Comparison of Protein Profiles with Transcript Patterns during Seed Development—
The proteome and transcriptome profiles were compared to investigate at which level protein accumulation is regulated, i.e. if regulation takes place at the level of the transcript or rather at the level of the protein itself (protein degradation and other post-translational modifications). A total of 208 spots matched to TCs corresponding to oligonucleotide probes on the Mt16kOLI1 microarray. For 156 of these, RNA and protein expression profiles throughout seed development were obtained. The protein and transcript profiles, with values expressed as mean of log2 ratios using the 12 dap sample as reference, were hierarchically clustered. Nine distinct groups of profiles were identified that reflect different modes of regulation (Fig. 2).
|
Group 3 is composed of 33 protein spots whose abundance decreases from the early stages of seed filling onwards. A highly significant correlation (r > 0.9, p < 0.05) between transcript and protein levels was found for 13 genes in this group, and for 14 further genes, the r value exceeded 0.5 (Supplemental Table 4). Many of them are related to cytoskeletal organization in the cell (tubulin and actin), redox regulation, abiotic stresses, glycolysis, and Met metabolism. Among enzymes of Met metabolism identified were a Met synthase and two isoforms of S-adenosylmethionine (AdoMet) synthetase, previously shown to be associated with the status of metabolic activity in seeds (9, 51, 52). Their decreased levels would be consistent with the switch from active metabolism to a quiescent state. Finally, group 4 includes proteins whose accumulation did not vary significantly during seed development (–1 < M < 1, i.e. less than 2-fold regulation), suggesting a continuing function throughout this process. Many are molecular chaperones involved in protein folding either in the plastid (ribulose bisphosphate carboxylase-oxygenase (RuBisCO) subunit-binding proteins) or in the mitochondrion (heat shock protein family members), and several are required for protein synthesis (RNA helicase, elongation factor 1B
-subunit).
Groups 5 and 6, Sequences Displaying Apparent Preferential Transcript Turnover—
Fifteen sequences of 36 have a correlation coefficient between transcript and protein patterns below 0.5 reflecting different degrees of stability (Supplemental Table 4). The levels of these proteins remain constant while transcript abundance decreases. They include those essential for mitochondrial and chloroplast function during seed development. Some are present throughout seed filling (group 5), such as proteins involved in photosynthesis (two oxygen evolving enhancer proteins and a chlorophyll a/b binding protein), a process shown to produce oxygen for respiration and reserve synthesis in developing seeds (5). Others are present up to desiccation (group 6), such as the mitochondrial processing peptidase ensuring the continued functioning of the mitochondrion.

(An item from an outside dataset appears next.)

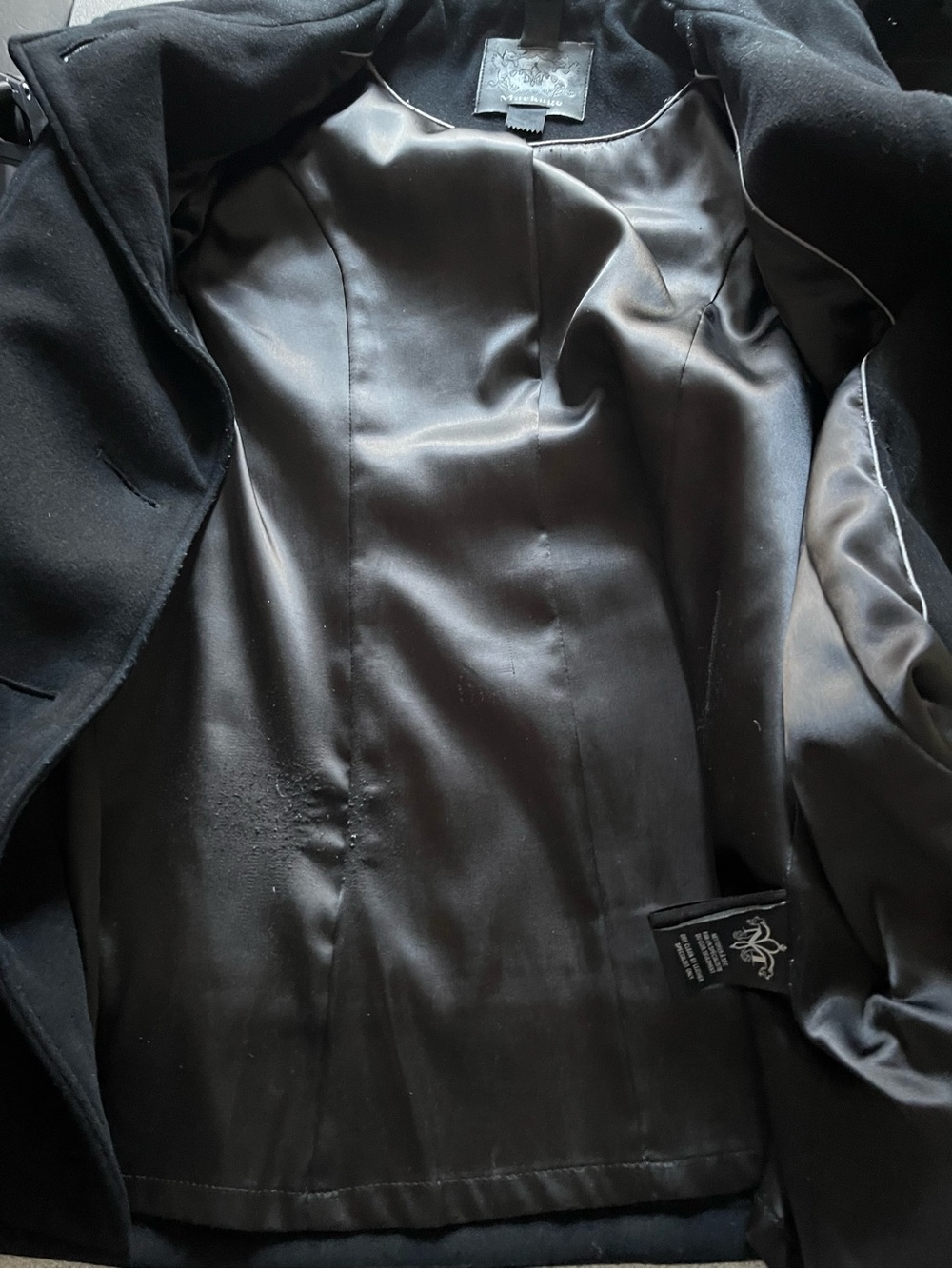 Mackage Black Button Wool Peacoat Size Large - Picture 6 of 16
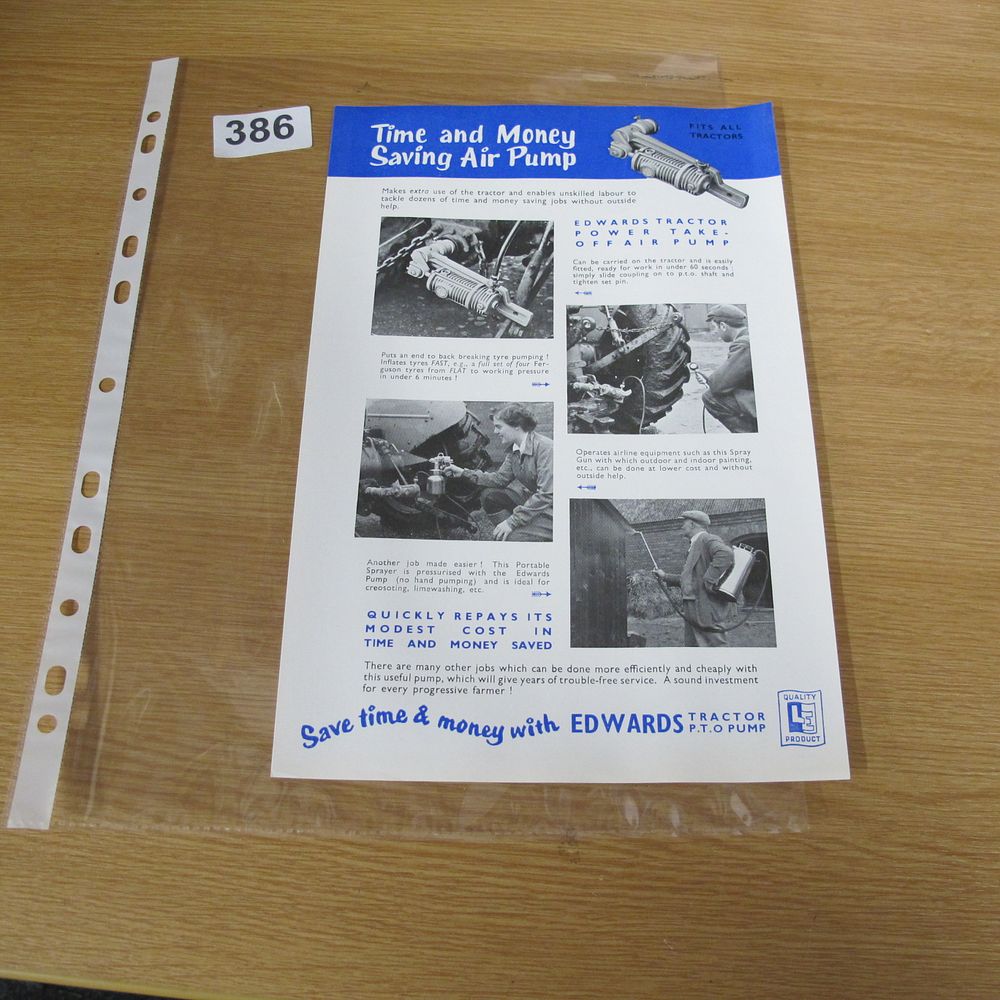 Lot 386: A mid-20th-century advertising flyer for the Edwards Tractor...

Group 7, Sequences Displaying Apparent Preferential Protein Turnover—
The proteins whose abundance decreases while the transcript level remains constant are involved in amino acid metabolism (glutamine synthetase, Met synthase, and S-adenosylhomocysteine (AdoHcy) hydrolase) or related to stress, suggesting that the transcripts encoding these proteins may form part of a pool of stored mRNAs that could be reutilized during seed development (e.g. in response to a stress) or later during germination. Further studies are needed to characterize the occurrence of protein and/or transcript turnover by using radiolabeled precursors for their synthesis (49, 53).
Groups 8 and 9, Protein and Transcript Poorly Correlated—
Our study revealed several proteins displaying a profile differing from that of the corresponding transcripts during seed development (r < 0.5 for 21 sequences of 29). The majority of these proteins are involved in the regulation of protein synthesis (translation elongation factors) either in the plastid or in the cytosol, in oxidative stress or in detoxification (e.g. catalase and glutathione S-transferase). The underlying causes for the association of genes observed in groups 8 and 9 will be the subject of further investigation.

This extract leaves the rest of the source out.